Exercise instructions
Your response should consist of the records below, repeated exactly.

Brief descriptive captions

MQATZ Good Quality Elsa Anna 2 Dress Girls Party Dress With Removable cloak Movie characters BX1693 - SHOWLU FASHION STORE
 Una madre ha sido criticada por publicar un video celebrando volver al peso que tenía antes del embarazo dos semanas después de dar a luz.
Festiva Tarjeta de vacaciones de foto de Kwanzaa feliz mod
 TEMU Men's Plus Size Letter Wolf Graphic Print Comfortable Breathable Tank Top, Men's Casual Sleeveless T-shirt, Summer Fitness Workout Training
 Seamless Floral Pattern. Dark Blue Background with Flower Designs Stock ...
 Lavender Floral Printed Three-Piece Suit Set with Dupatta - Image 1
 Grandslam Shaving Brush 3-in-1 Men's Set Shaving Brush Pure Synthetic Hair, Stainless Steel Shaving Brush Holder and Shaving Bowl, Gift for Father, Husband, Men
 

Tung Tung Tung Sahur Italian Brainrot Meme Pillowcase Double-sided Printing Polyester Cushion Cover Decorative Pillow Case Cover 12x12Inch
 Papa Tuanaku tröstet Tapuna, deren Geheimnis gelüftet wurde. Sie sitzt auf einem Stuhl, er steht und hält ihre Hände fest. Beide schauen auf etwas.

Task output
MQATZ Good Quality Elsa Anna 2 Dress Girls Party Dress With Removable cloak Movie characters BX1693 - SHOWLU FASHION STORE
 Una madre ha sido criticada por publicar un video celebrando volver al peso que tenía antes del embarazo dos semanas después de dar a luz.
Festiva Tarjeta de vacaciones de foto de Kwanzaa feliz mod
 TEMU Men's Plus Size Letter Wolf Graphic Print Comfortable Breathable Tank Top, Men's Casual Sleeveless T-shirt, Summer Fitness Workout Training
 Seamless Floral Pattern. Dark Blue Background with Flower Designs Stock ...
 Lavender Floral Printed Three-Piece Suit Set with Dupatta - Image 1
 Grandslam Shaving Brush 3-in-1 Men's Set Shaving Brush Pure Synthetic Hair, Stainless Steel Shaving Brush Holder and Shaving Bowl, Gift for Father, Husband, Men
 

Tung Tung Tung Sahur Italian Brainrot Meme Pillowcase Double-sided Printing Polyester Cushion Cover Decorative Pillow Case Cover 12x12Inch
 Papa Tuanaku tröstet Tapuna, deren Geheimnis gelüftet wurde. Sie sitzt auf einem Stuhl, er steht und hält ihre Hände fest. Beide schauen auf etwas.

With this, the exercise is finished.